Friday 20 November 2009

The Deaf Leading The Blind

After some Modern Warfare 2, which I'll get to later, I decided the do a bit of self-educating. Following what I'd heard on the Penn Jillette Radio show on Free FM (technically the podcast of said show from 3 years ago) and my current penachant for documentaries at the moment, I watched The Root of all Evil by Richard Dawkins, and it's professing of religons of all kinds writing off evolution, refusing to educate children properly, and generally going to bring about the end of the world through ones means or another. All very prophetic, ironicaly enough, but he annoyed me as much as the people he was interviewing; he was actively aggresive to them when they said something that didn't fit with his own views, which the very thing he was acusing them of. Perhaps he was trying to get a reaction out of them to do the same or to make a point, but it just became hypocritical to me. Some even seemed to respect Dawkins' own views while not forcing theirs upon him. I can't say he wasn't always doing the same. Which is a shame from a man trying to use the show partly to promote the idea that those of us without religion are the more peaceful and openminded.

Saturday 14 November 2009

Responsibility

Took me nearly 28 years but I might be an adult.
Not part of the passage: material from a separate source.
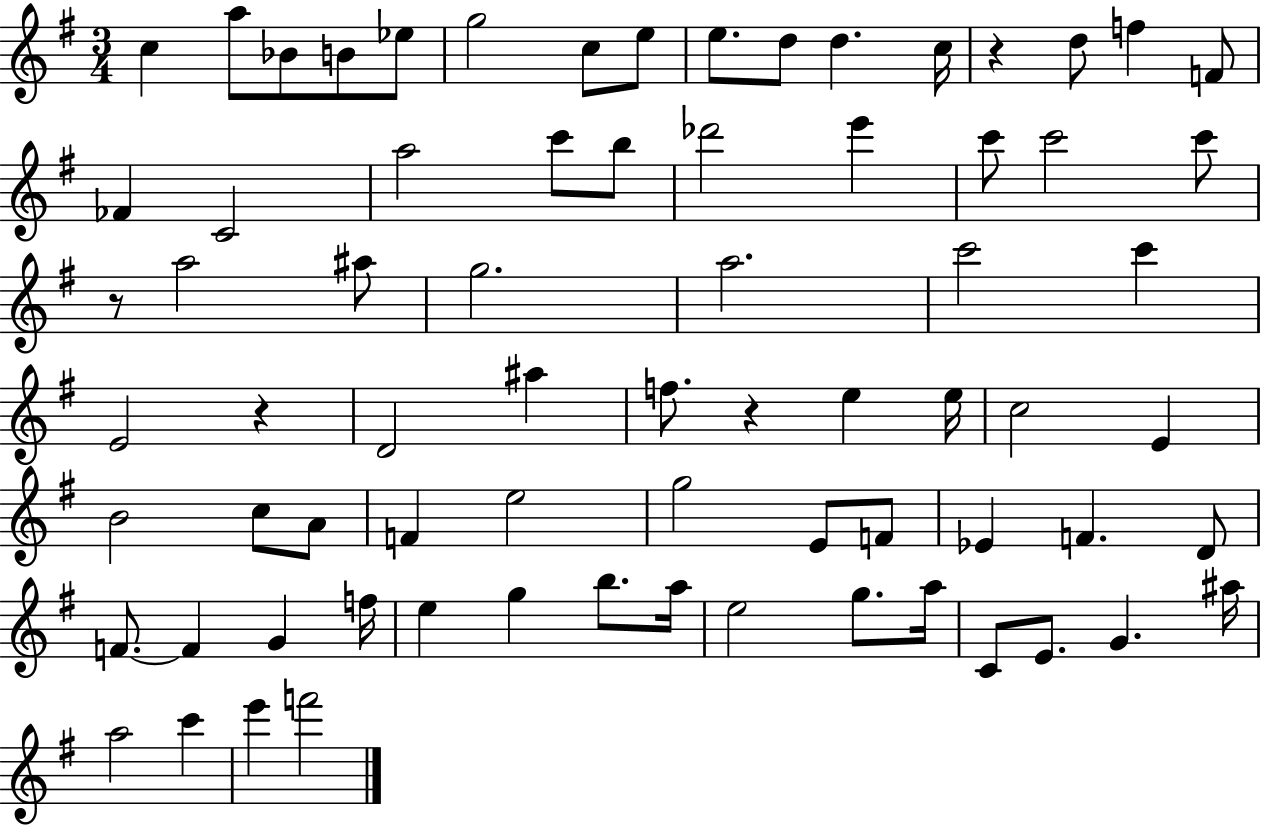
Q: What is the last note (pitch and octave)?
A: F6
The apartment now has been upgraded from a set of plastic boxes and a table bending from the weight to nice sleek desk, bookcase and set of drawers. My kitchen sink is empty rather than perpetually stacked full, I have fruit juices in the fridge and apples on my countertop. Large box under my sink to take the recycling which would otherwise be discarded haphazardly by my feet. Floor mopped and vacuumed and (most of) the nicknacks placed on the shelves. TV cabinet organised with XBox360 and PlayStation3 inside it rather than plonked on top.

I give it 2 weeks.

Thursday 12 November 2009

The end of the world and other CG BS

So I sit on the train facing bums with sob stories that I can't understand, coming back for seeing 2012, and I can't say I liked it. I enjoyed it, to a degree, but not liked. All the feelgood and "arnt we great yeehah"-ishness is not for me. Maybe to much happy ending. Which is odd for somebody whom is depressed to say. Perhaps that why I didn't like it.